One nice thing about the auto makers asking for a bailout is that we’re getting a return to all the harrowing tales of how the evil labor unions raped and pillaged US industry. If they hadn’t gotten too big for their britches, Flint might still be a vibrant city rather than a ghost town with a criminal and former car dealer as mayor. Oh, those greedy workers! When will enough be enough?! When will they stop cutting into the bosses’ profit margins and forcing them to relocate?

Growing up in Flint, I of course heard stories like this constantly. The basic message: Unions did good things in their time, but they overreached, meaning that we were all screwed in the long term. The assumption seems to be that the owners’ short-sighted pursuit of profit was just a brute fact, but workers should’ve known better than to try to get the best contract they could get — i.e., workers should’ve been looking out for the owners’ best interests rather than their own. Psychologists have a name for this particular style of thought: Stockholm Syndrome.

After living in Michigan for about three or four years now and with all of the sturm und drang surrounding the auto industry over the past several decades (but especially now), I’ve heard these same ridiculous anti-union claims on more than one occasion. The problem that I have with the bailout is that it seems to be an extension of this absurd logic that bosses just naturally act out of greedy self-interest, which is a good thing, but workers must constantly sacrifice for the industry and never demand higher wages, because that would be unproductive and unpatriotic.

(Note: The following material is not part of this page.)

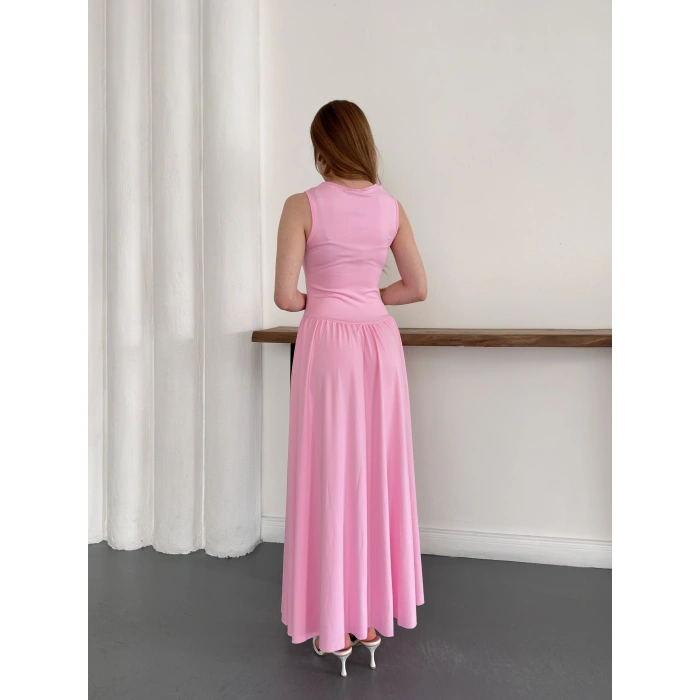 Premium Dokulu Prenses Uzun Elbise Pembe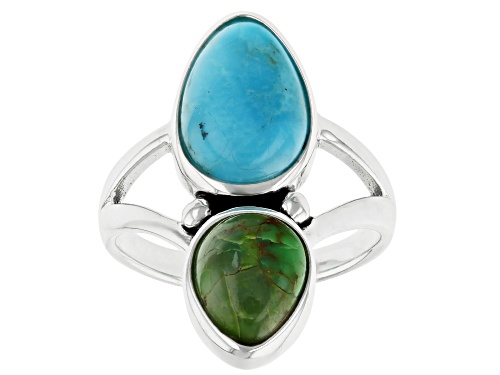 Pre-Owned Southwest Style by JTV™ Blue & Green Turquoise 2-Stone Sterling Silver Ring - Size 9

The bailout seems to reward the idiotic decisions made by the bosses, who’ve mismanaged these once successful companies into the ground in under four decades, by turning the auto industry into state capitalist zombie corporations. The auto industries should be allowed to fail and declare bankruptcy. Any of the potential bailout money that would be used to save the companies (in the billions) ought to instead go towards providing welfare for the workers who would be potentially laid off as a result. This seems to be far more equitable, which is also why it probably won’t happen because it would be like declaring “CLASS WARFARE”!

What’s Left After Obama?

Simon Critchley has a new article on Obama in Adbusters that’s much better than his crappy reading of Dreams From My Father. Here’s an excerpt that I thought was really well put:

This is perhaps the tragedy concealed in the events of the late evening of November 4th: as I walked to the subway at about 10 p.m. a vast United States flag was being unfurled in Union Square; there were spontaneous parties in the streets of my part of Brooklyn, and many others can testify to much more exotic, collective experiences. This was a moment when people, no longer cowed by the power of the state and held in check by the police, suddenly become aware of their power and the power of their activity, which is nothing less than the activity of liberty. At such a moment, no force can stop them and a demonstration or street party erupts into being. This is collective joy. There is the potential for a political moment here, but it is a potential whose actualization is denied by the very representative process which is being celebrated. At the moment when people become aware of their power through the activity of the vote, they are simultaneously rendered powerless by the representative process. Liberty slips from the hands of those who have suddenly become aware of its power. In the face of such human fireworks, it is not surprising that Obama cancelled the firework display planned to accompany his victory speech. The message is clear: ‘The victory is yours. But when you’ve finished celebrating, dancing and crying, return to your homes and be quiet. Thanks to you, the business of government is ours and we will take it from here. We’ll let you know how it goes. P.S. Please don’t take popular sovereignty too literally’.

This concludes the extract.